COLLECTED DATA
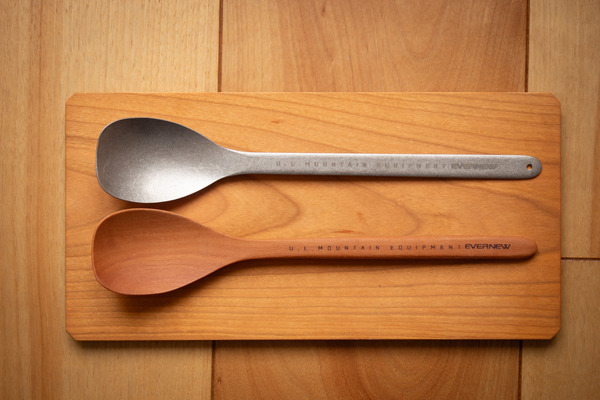 これが噂のスプチュラか [EVERNEW Sputura / Sputura Ti] : 山に野に川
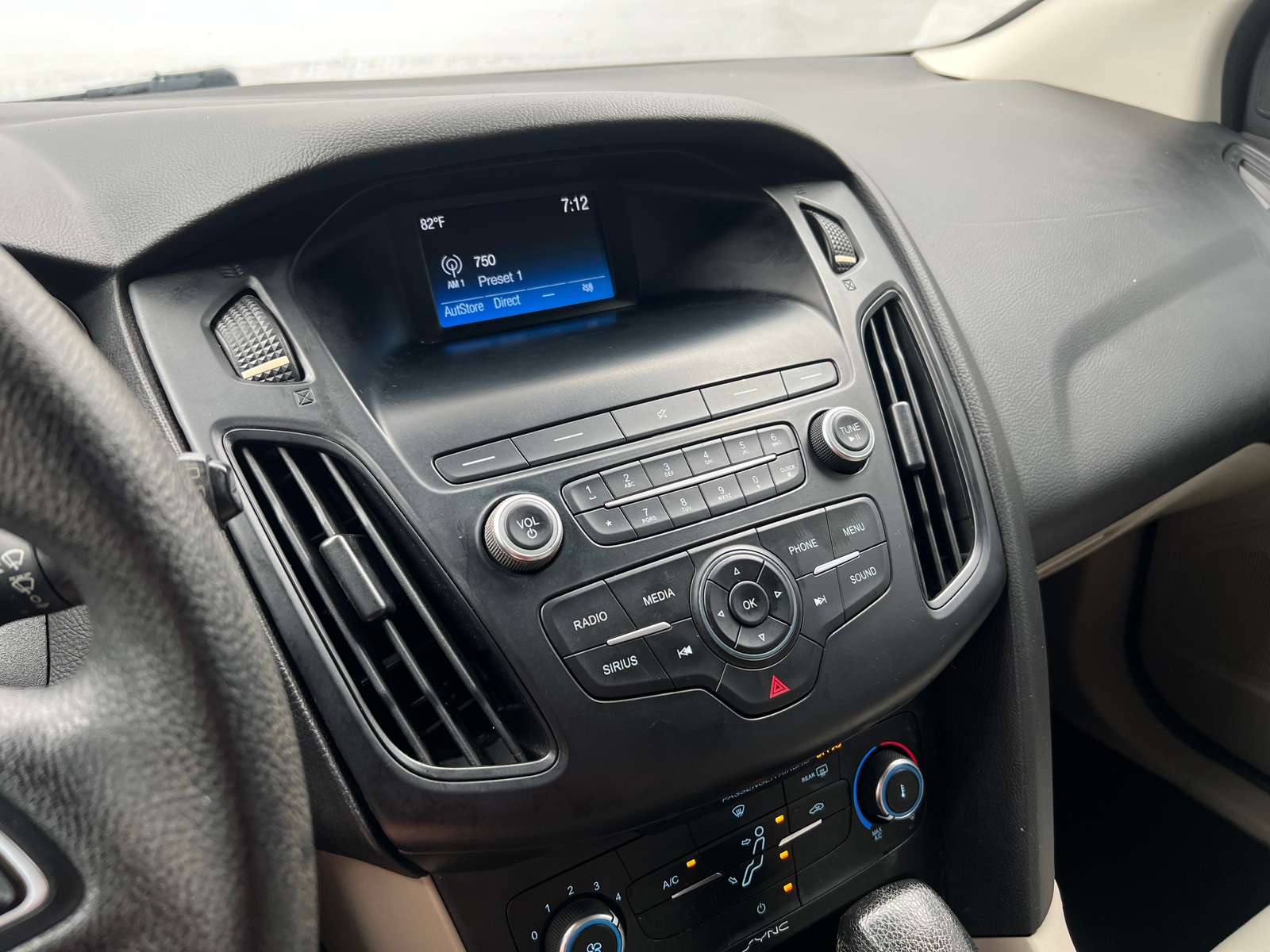 Thumbnail: 2018 Ford Focus - 4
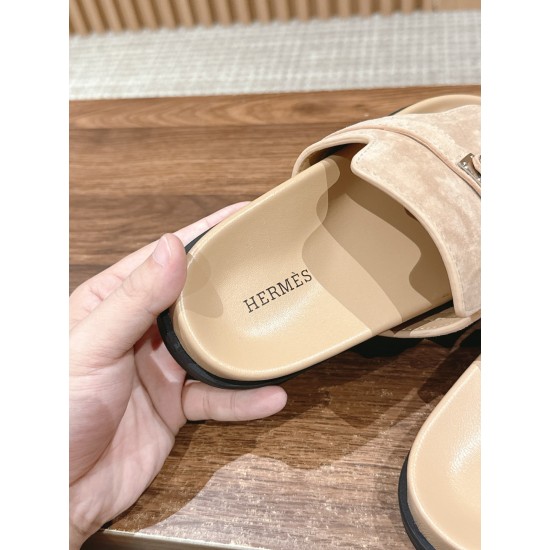 Hermes Slippers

EXERCISE PROMPT
Repeat the material exactly and drop each image.

RESULT OF THIS EXERCISE
 これが噂のスプチュラか [EVERNEW Sputura / Sputura Ti] : 山に野に川
 Thumbnail: 2018 Ford Focus - 4
 Hermes Slippers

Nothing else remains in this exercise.